++++ MATERIAL FOR THIS TASK

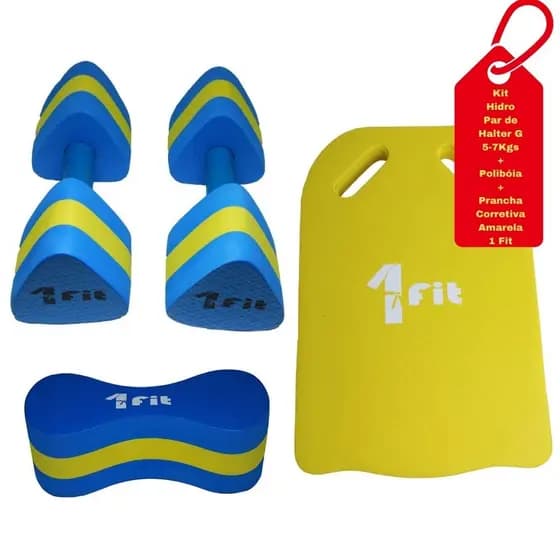 Par de Halter Hidro G Azul/Amarelo + Poliboia + Prancha de Natação Corretiva Amarela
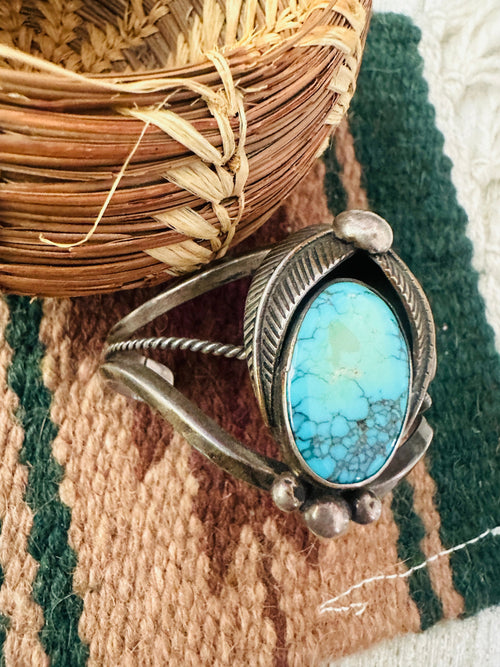 Old Pawn Navajo Turquoise & Sterling Silver Cuff Bracelet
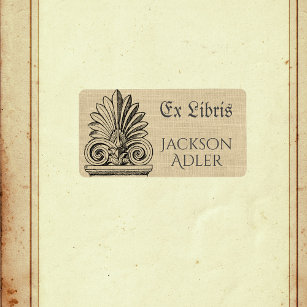 Vintage Flourish Personalized Ex Libris Bookplate Label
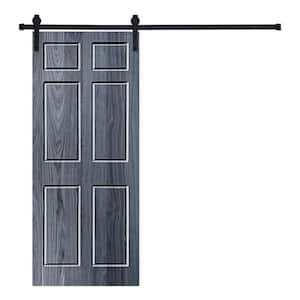 6-Panel Designed 96 in. x 32 in. Wood Panel Icy Gray Painted Sliding Barn Door with Hardware Kit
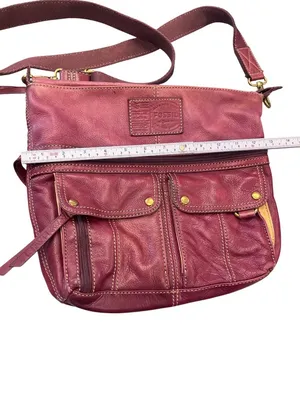 Fossil VTG wms red gold ware leather crossbody shoulder handbag SKU 10-050 thumbnail 3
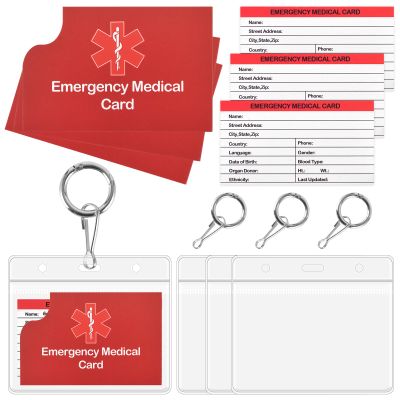 4 Pack Medical Alert Keychain Emergency Medical Information Id Card Emergency Contact Card Wallet with Resealable Badge Holder for Caretakers (Red Keychain)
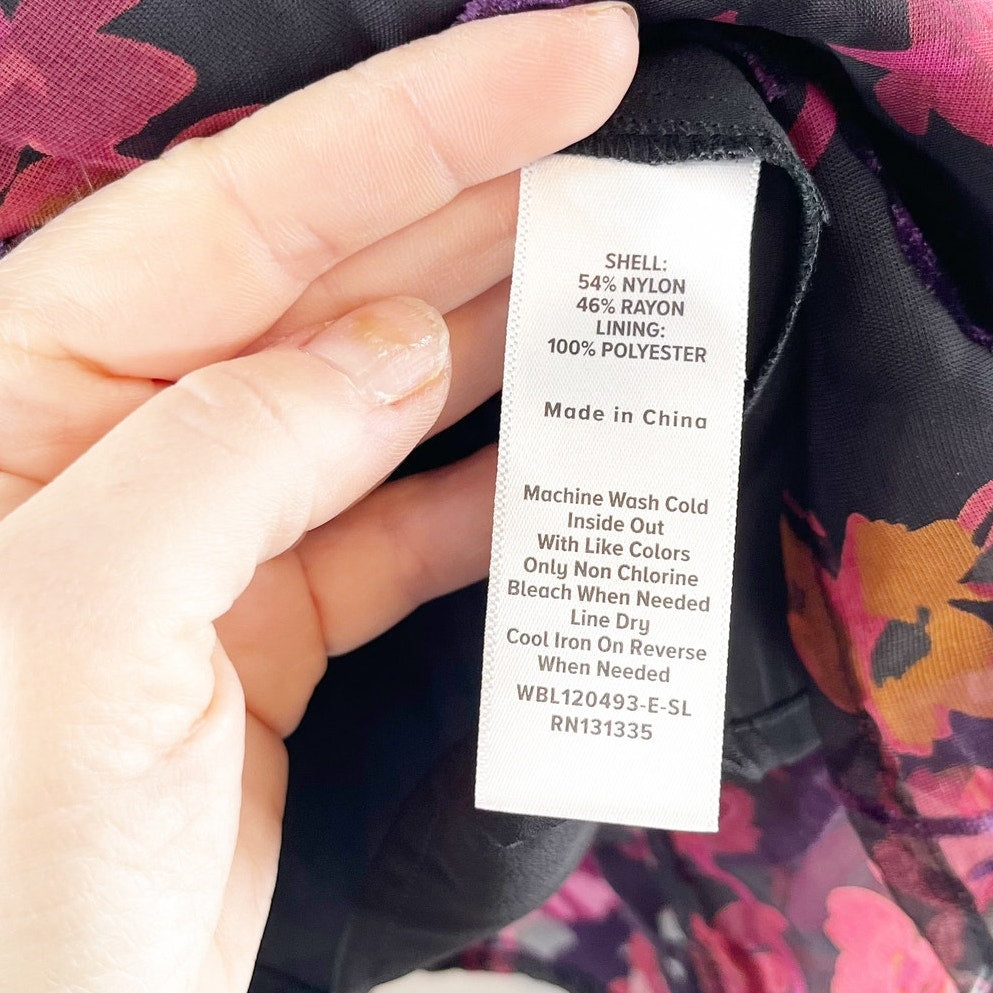 Evereve Long Sleeve Floral Velvet Embroidered Blouse Top Purple Black XS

++++++++

Repeat every entry above word for word, and include no pictures.

TASK ANSWER ::
 Par de Halter Hidro G Azul/Amarelo + Poliboia + Prancha de Natação Corretiva Amarela
 Old Pawn Navajo Turquoise & Sterling Silver Cuff Bracelet
 Vintage Flourish Personalized Ex Libris Bookplate Label
 6-Panel Designed 96 in. x 32 in. Wood Panel Icy Gray Painted Sliding Barn Door with Hardware Kit
 Fossil VTG wms red gold ware leather crossbody shoulder handbag SKU 10-050 thumbnail 3
 4 Pack Medical Alert Keychain Emergency Medical Information Id Card Emergency Contact Card Wallet with Resealable Badge Holder for Caretakers (Red Keychain)
 Evereve Long Sleeve Floral Velvet Embroidered Blouse Top Purple Black XS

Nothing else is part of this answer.